Independent Films Seeing the Light of Day
The other day I got a film through Netflicks called “10 Items or Less,” made in 2006 and starring Morgan Freeman and a relatively unknown Spanish actress named Paz Vega. In a way the film parodies itself, because it is about an aging actor (Freeman) scoping out a possible film subject for an independent project. Since the film itself is an independent film and Freeman is actually an aging actor, and one of my favorite actors, much of the dialogue and plot is tongue-in-cheek.

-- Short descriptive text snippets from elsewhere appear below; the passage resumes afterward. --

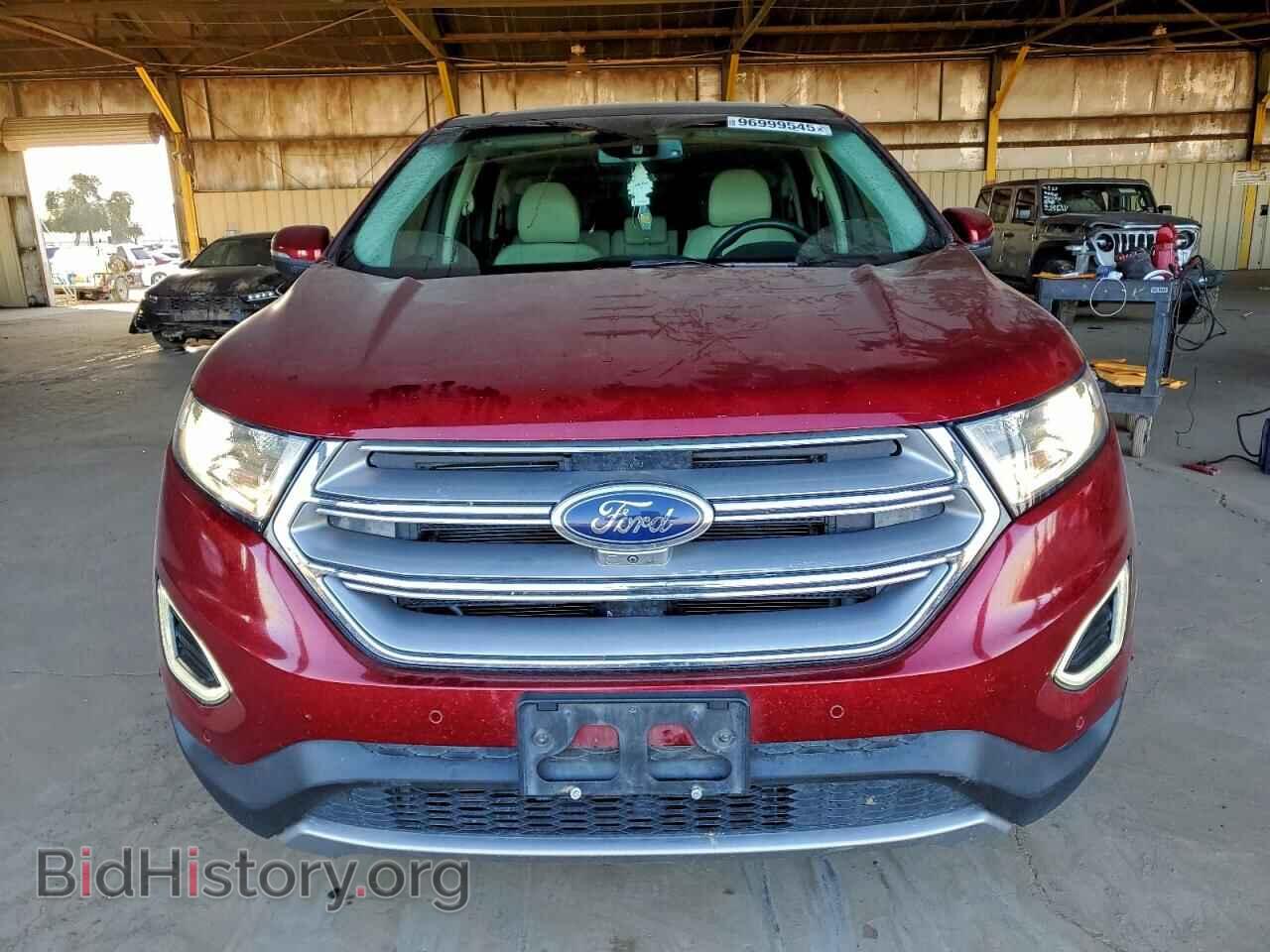 2017 FORD EDGE - VIN: 2FMPK3K9XHBC55671 - Фото 5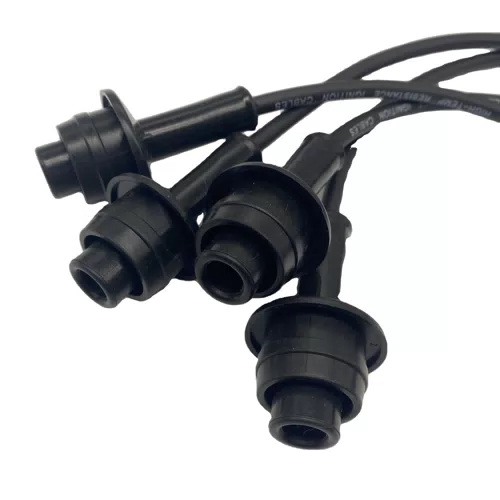 ignition spark plug wire cable ignition cable car foton parts 491 qme mpi - image 2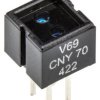 Czujnik odbiciowy CNY70, THT, -40 → +85°C, Vishay
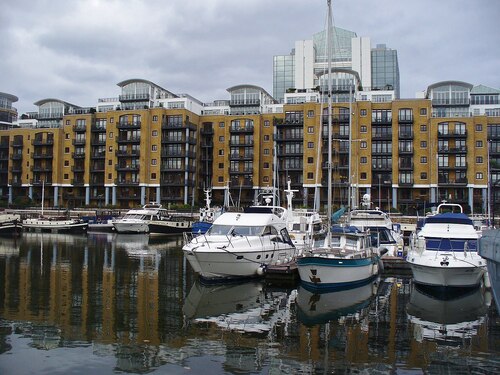 London Audio guide: Explore Katharine Docks
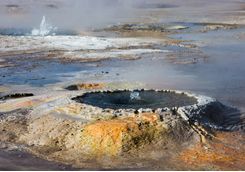 El Tatio Geyser
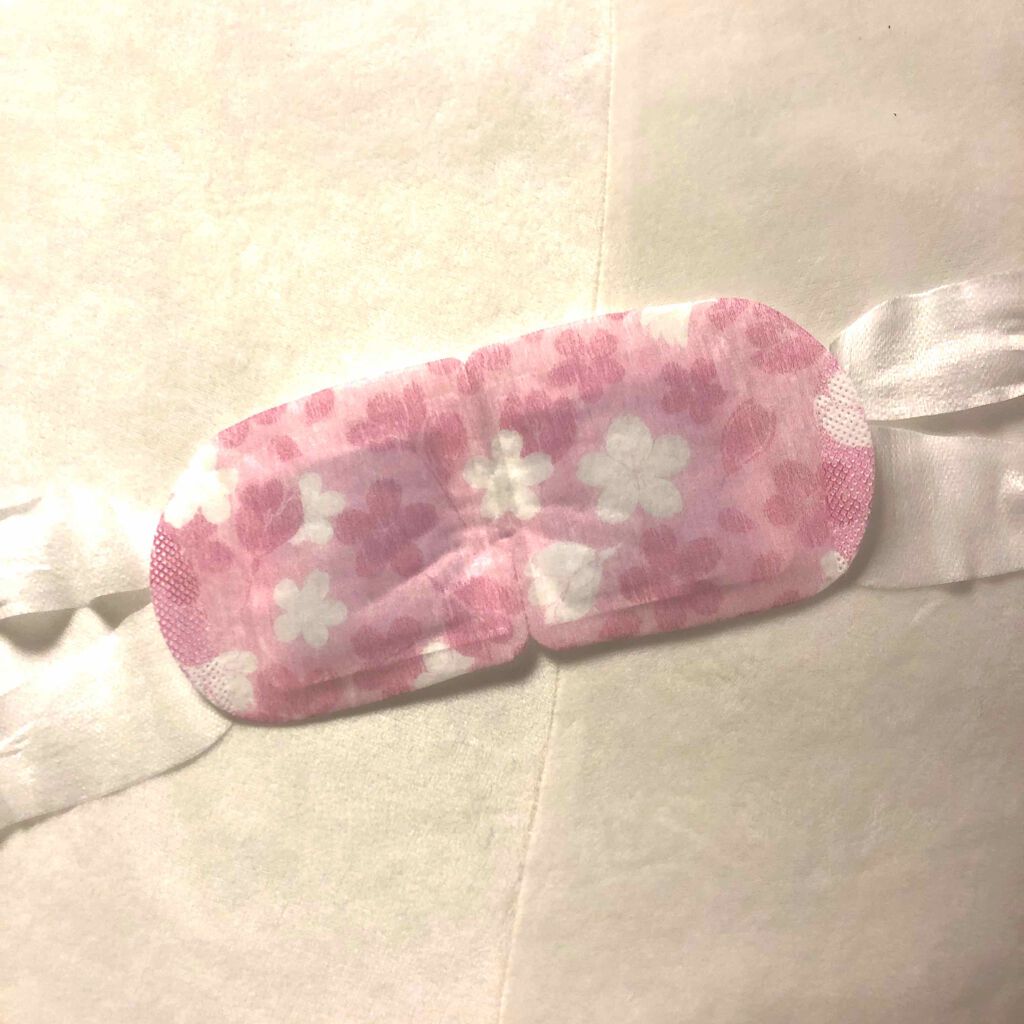 めぐりズム 蒸気でホットアイマスク 無香料/めぐりズム/ホットアイマスクを使ったクチコミ（3枚目）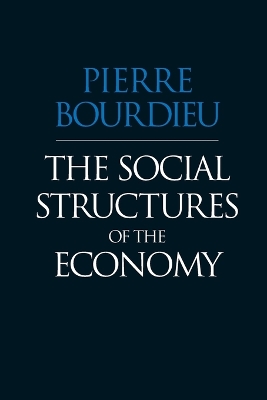 Social Structures of the Economy book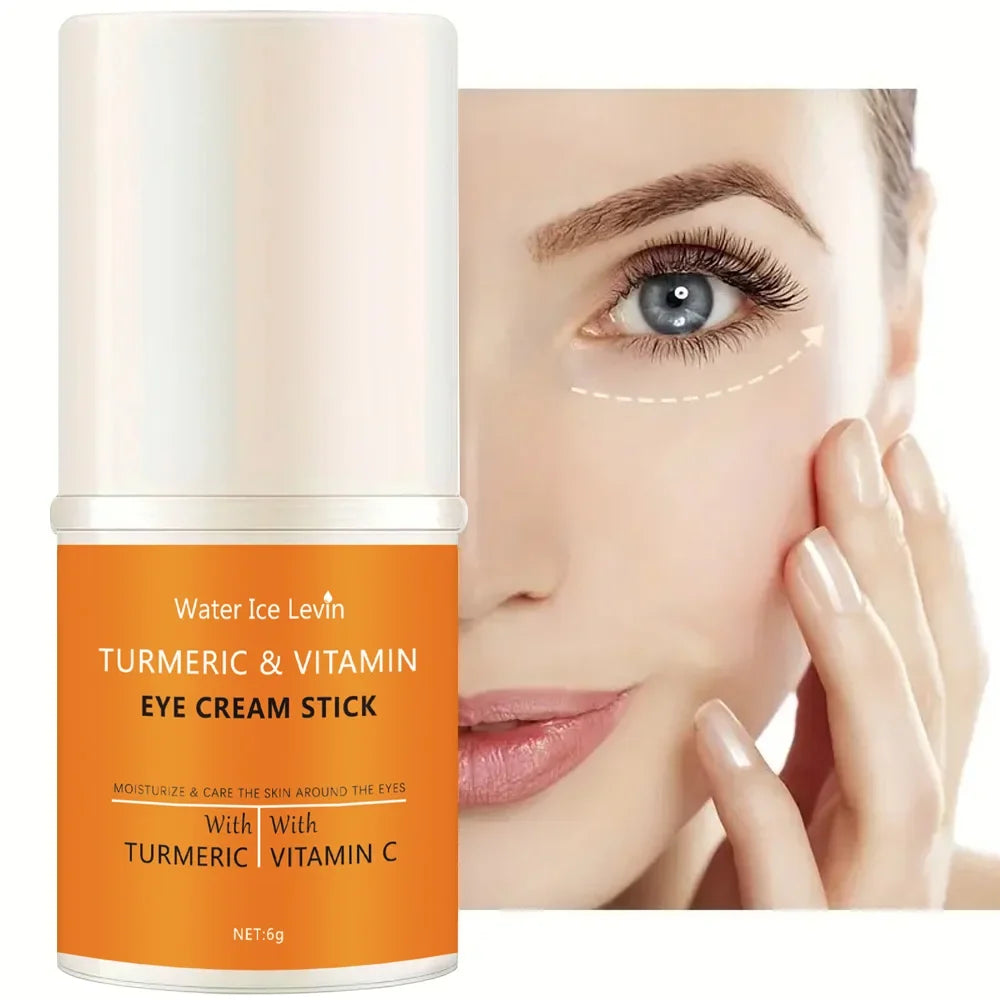 Turmeric Vitamin C Eye Cream Stick for Bright Eyes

Briefly, Freeman is dropped off at a convenience store in southern Los Angeles where checkout girl Paz Vega is in a dead end job with seemingly no future. While giving Freeman a ride home, he gives her a lesson in confidence building and going for her dream to be an actress. She has an audition and he helps her prepare for the audition as well as for life in general by repeating the thought that whatever day or opportunity comes up is just the beginning.
I remember those days when I thought I was just at the beginning of my film career. I was hired by Six Shooter Films, an independent film production company, to be in a movie called “The Girl’s Guide.” It was a derisive comedy about how girls should approach sex and dating. I was only in the pre-production phase of the film, because the company couldn’t get adequate funding.
The pre-production part of a film entails the director, cast, script and technical crew outlining how the film will be shot, cast and produced. When I say supporting cast, I mean extras and smaller roles. I was one of the four actresses to co-star in the film. The other three women cast in the roles were also unknowns, as I was.
Because it was a small production, you don’t get separated from the higher ups. In fact, in “10 Items or Less,” one of the bonus features showed how Paz and Freeman interacted with all the other cast and crew to talk through the film as a team. There was no feeling of Freeman being a star power, even though he is just that.
In “The Girls Guide,” we sat around a table with the technical crew and talked about specific shots, who would be in what scenes and what scenes would be shot when. Films aren’t shot sequentially, but according to what makes sense economically and to the production crew.
For instance, Freeman mentions in the bonus features of “10 Items of Less,” that the film had to be shot in 15 days because that was all the time Vega had open in her schedule. She had just come from shooting a Spanish film prior to shooting this on in the states and was going back to Spain immediately after. Vega is probably best know to American audiences for her role in “Spanglish” opposite Adam Sandler.
You really get the sense from interviews in “10 Items of Less” and in my own experience with “The Girls Guide” that in an independent feature there is much more opportunity for input from all the cast and crew than in a big budget film. And I highly recommend “10 Items of Less” as an upbeat, feel good, independent film. The bonus features are worth a look as well.